The race pits Democratic state Sen. Katherine Clark of Melrose against Republican Frank Addivinola, a Boston attorney.

Both won their party primaries in October and have staked out different ground in what has been a low-profile race in a state growing weary of special elections.

The district, which stretches from the coast to communities north and west of Boston including Waltham, Framingham and Medford, is heavily Democratic and overwhelmingly backed President Barack Obama over his Republican challenger, Mitt Romney, in last year’s presidential contest.

Clark has said her priorities include pay equity for women, ending gun-related violence, increasing the minimum wage and supporting Social Security and early education. She says she wants to “to get Congress back to work for middle-class families.”

Addivinola describes himself as a “small government kind of candidate.” He said the best way to help families is to turn around a stagnant economy, a problem he blamed in part on a lack of leadership in Washington which he said has helped fuel unemployment and underemployment.

The two have also split on issues ranging from abortion to the Patient Protection and Affordable Care Act (PPACA).

Clark said she supports abortion rights and, while she’s disappointed with its website problems, believe PPACA is a historic law which could pave the way to even broader health care coverage for Americans.

Addivinola is anti-abortion and believes that an unborn fetus is entitled to legal protections. He also criticized PPACA and said efforts to expand health coverage are best left up to individual states.

Clark enjoys a fundraising edge, having received nearly $1.2 million in political contributions through Nov. 20. She also poured an additional $250,000 of her own money into her campaign.

Addivinola collected $38,334 in donations during the same time period and contributed more than $61,000 of his own money to his campaign.

Clark has enjoyed the backing of big name Democrats including House Democratic leader Rep. Nancy Pelosi of California, and Massachusetts’ two U.S. senators, Elizabeth Warren and Edward Markey.

Addivinola has tried to use that support against Clark portraying her as a political insider beholden to party leaders. Clark, in return, has tried to cast Addivinola as a Tea Party Republican.

The winner will fill the seat left vacant by Edward Markey, who resigned after winning a special election to fill John Kerry’s U.S. Senate seat. Kerry had stepped down to become secretary of state.

Clark, 50, is a lawyer and former public interest attorney.
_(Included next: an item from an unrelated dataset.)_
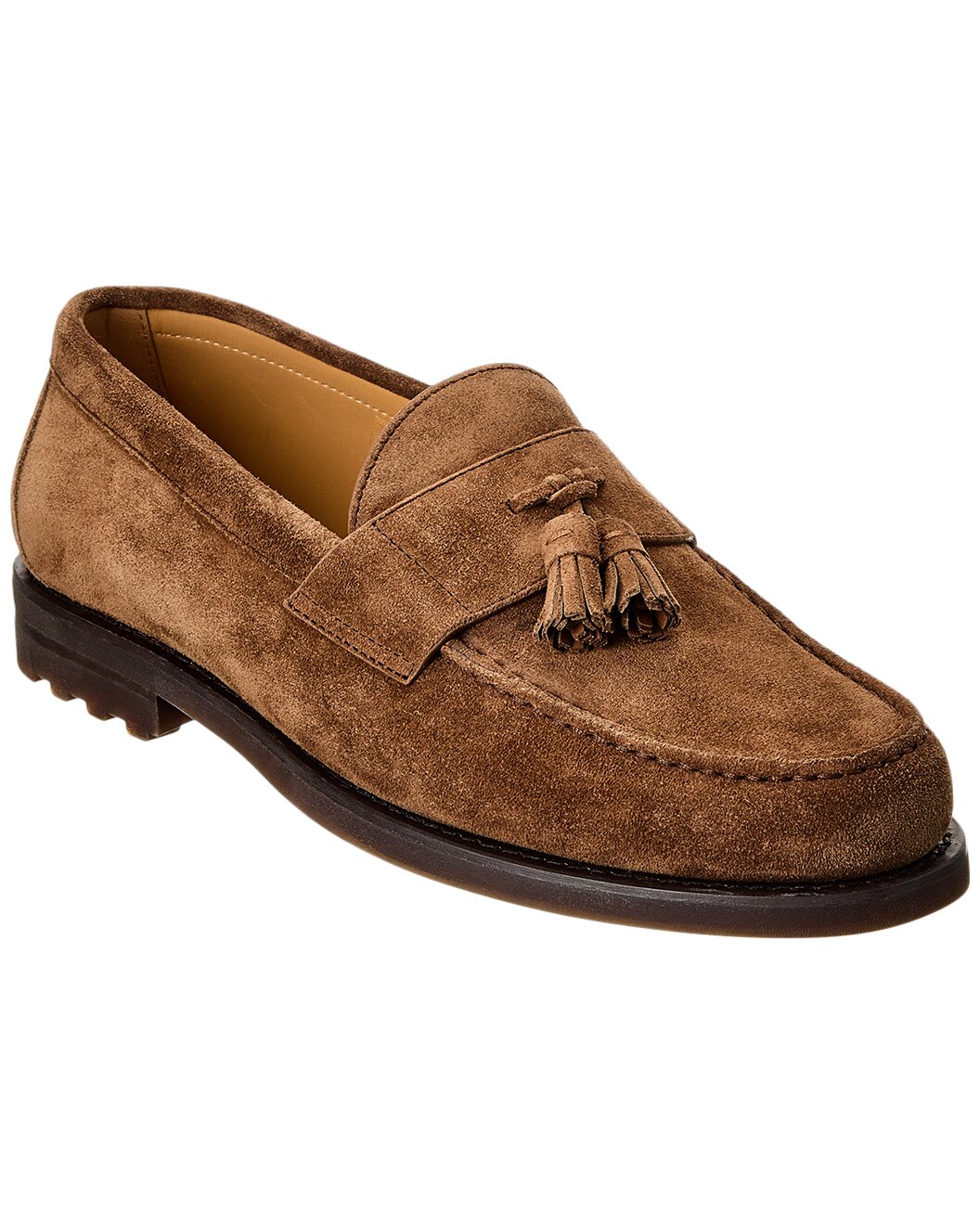 BRUNELLO CUCINELLI MEN'S BROWN SUEDE TASSEL LOAFER SHOE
She was first elected to the Legislature in 2008 and served seven years on the Melrose School Committee.

Addivinola, 53, writes and publishes medical school admission prep books and also teaches introduction to law at Northeastern University while completing a doctoral degree in law. He grew up in Malden but lives in Boston.

Two other candidates are on the ballot — Wellesley resident James Aulenti and Arlington resident James Hall.

The winner of Tuesday’s contest will face voters again next year.

Polls are open from 7 a.m. to 8 p.m.